EXERCISE MATERIAL
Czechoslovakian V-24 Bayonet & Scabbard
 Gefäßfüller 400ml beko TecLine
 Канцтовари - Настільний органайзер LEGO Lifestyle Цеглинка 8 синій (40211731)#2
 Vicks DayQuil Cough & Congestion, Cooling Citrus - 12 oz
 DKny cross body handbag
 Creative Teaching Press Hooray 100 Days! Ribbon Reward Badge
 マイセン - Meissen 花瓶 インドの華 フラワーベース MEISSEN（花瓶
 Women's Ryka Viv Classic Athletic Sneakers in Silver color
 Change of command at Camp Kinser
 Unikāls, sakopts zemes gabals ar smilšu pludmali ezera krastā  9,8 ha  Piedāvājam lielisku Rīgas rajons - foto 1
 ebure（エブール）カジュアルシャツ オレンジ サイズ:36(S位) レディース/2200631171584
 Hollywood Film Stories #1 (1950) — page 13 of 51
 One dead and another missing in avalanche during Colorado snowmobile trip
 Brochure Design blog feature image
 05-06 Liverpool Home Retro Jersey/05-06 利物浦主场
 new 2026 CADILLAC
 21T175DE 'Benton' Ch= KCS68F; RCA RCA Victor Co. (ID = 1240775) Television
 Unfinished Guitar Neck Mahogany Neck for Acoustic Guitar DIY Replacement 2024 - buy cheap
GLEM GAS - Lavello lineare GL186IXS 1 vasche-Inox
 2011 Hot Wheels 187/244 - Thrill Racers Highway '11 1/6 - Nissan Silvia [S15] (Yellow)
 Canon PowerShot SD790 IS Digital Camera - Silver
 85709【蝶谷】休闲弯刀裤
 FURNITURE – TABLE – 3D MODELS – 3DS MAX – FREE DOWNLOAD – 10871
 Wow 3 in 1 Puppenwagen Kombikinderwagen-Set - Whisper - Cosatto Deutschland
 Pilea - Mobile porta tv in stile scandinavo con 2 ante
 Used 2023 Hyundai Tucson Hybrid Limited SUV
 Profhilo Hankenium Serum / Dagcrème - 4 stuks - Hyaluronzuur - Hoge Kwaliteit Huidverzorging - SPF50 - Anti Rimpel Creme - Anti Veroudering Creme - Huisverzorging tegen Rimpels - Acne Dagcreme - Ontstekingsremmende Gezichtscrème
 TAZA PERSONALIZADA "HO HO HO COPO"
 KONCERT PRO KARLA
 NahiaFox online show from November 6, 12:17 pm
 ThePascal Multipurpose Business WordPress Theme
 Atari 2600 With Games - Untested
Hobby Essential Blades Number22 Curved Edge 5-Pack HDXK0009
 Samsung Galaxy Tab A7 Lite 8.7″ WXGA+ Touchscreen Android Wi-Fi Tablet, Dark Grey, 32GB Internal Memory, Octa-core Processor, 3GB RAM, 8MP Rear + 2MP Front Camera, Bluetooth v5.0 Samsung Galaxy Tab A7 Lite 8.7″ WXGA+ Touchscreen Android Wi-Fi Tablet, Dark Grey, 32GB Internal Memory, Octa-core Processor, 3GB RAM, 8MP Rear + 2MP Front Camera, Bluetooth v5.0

WORK TO COMPLETE
Retyping every entry exactly is the whole of the task.

REPLY
Czechoslovakian V-24 Bayonet & Scabbard
 Gefäßfüller 400ml beko TecLine
 Канцтовари - Настільний органайзер LEGO Lifestyle Цеглинка 8 синій (40211731)#2
 Vicks DayQuil Cough & Congestion, Cooling Citrus - 12 oz
 DKny cross body handbag
 Creative Teaching Press Hooray 100 Days! Ribbon Reward Badge
 マイセン - Meissen 花瓶 インドの華 フラワーベース MEISSEN（花瓶
 Women's Ryka Viv Classic Athletic Sneakers in Silver color
 Change of command at Camp Kinser
 Unikāls, sakopts zemes gabals ar smilšu pludmali ezera krastā  9,8 ha  Piedāvājam lielisku Rīgas rajons - foto 1
 ebure（エブール）カジュアルシャツ オレンジ サイズ:36(S位) レディース/2200631171584
 Hollywood Film Stories #1 (1950) — page 13 of 51
 One dead and another missing in avalanche during Colorado snowmobile trip
 Brochure Design blog feature image
 05-06 Liverpool Home Retro Jersey/05-06 利物浦主场
 new 2026 CADILLAC
 21T175DE 'Benton' Ch= KCS68F; RCA RCA Victor Co. (ID = 1240775) Television
 Unfinished Guitar Neck Mahogany Neck for Acoustic Guitar DIY Replacement 2024 - buy cheap
GLEM GAS - Lavello lineare GL186IXS 1 vasche-Inox
 2011 Hot Wheels 187/244 - Thrill Racers Highway '11 1/6 - Nissan Silvia [S15] (Yellow)
 Canon PowerShot SD790 IS Digital Camera - Silver
 85709【蝶谷】休闲弯刀裤
 FURNITURE – TABLE – 3D MODELS – 3DS MAX – FREE DOWNLOAD – 10871
 Wow 3 in 1 Puppenwagen Kombikinderwagen-Set - Whisper - Cosatto Deutschland
 Pilea - Mobile porta tv in stile scandinavo con 2 ante
 Used 2023 Hyundai Tucson Hybrid Limited SUV
 Profhilo Hankenium Serum / Dagcrème - 4 stuks - Hyaluronzuur - Hoge Kwaliteit Huidverzorging - SPF50 - Anti Rimpel Creme - Anti Veroudering Creme - Huisverzorging tegen Rimpels - Acne Dagcreme - Ontstekingsremmende Gezichtscrème
 TAZA PERSONALIZADA "HO HO HO COPO"
 KONCERT PRO KARLA
 NahiaFox online show from November 6, 12:17 pm
 ThePascal Multipurpose Business WordPress Theme
 Atari 2600 With Games - Untested
Hobby Essential Blades Number22 Curved Edge 5-Pack HDXK0009
 Samsung Galaxy Tab A7 Lite 8.7″ WXGA+ Touchscreen Android Wi-Fi Tablet, Dark Grey, 32GB Internal Memory, Octa-core Processor, 3GB RAM, 8MP Rear + 2MP Front Camera, Bluetooth v5.0 Samsung Galaxy Tab A7 Lite 8.7″ WXGA+ Touchscreen Android Wi-Fi Tablet, Dark Grey, 32GB Internal Memory, Octa-core Processor, 3GB RAM, 8MP Rear + 2MP Front Camera, Bluetooth v5.0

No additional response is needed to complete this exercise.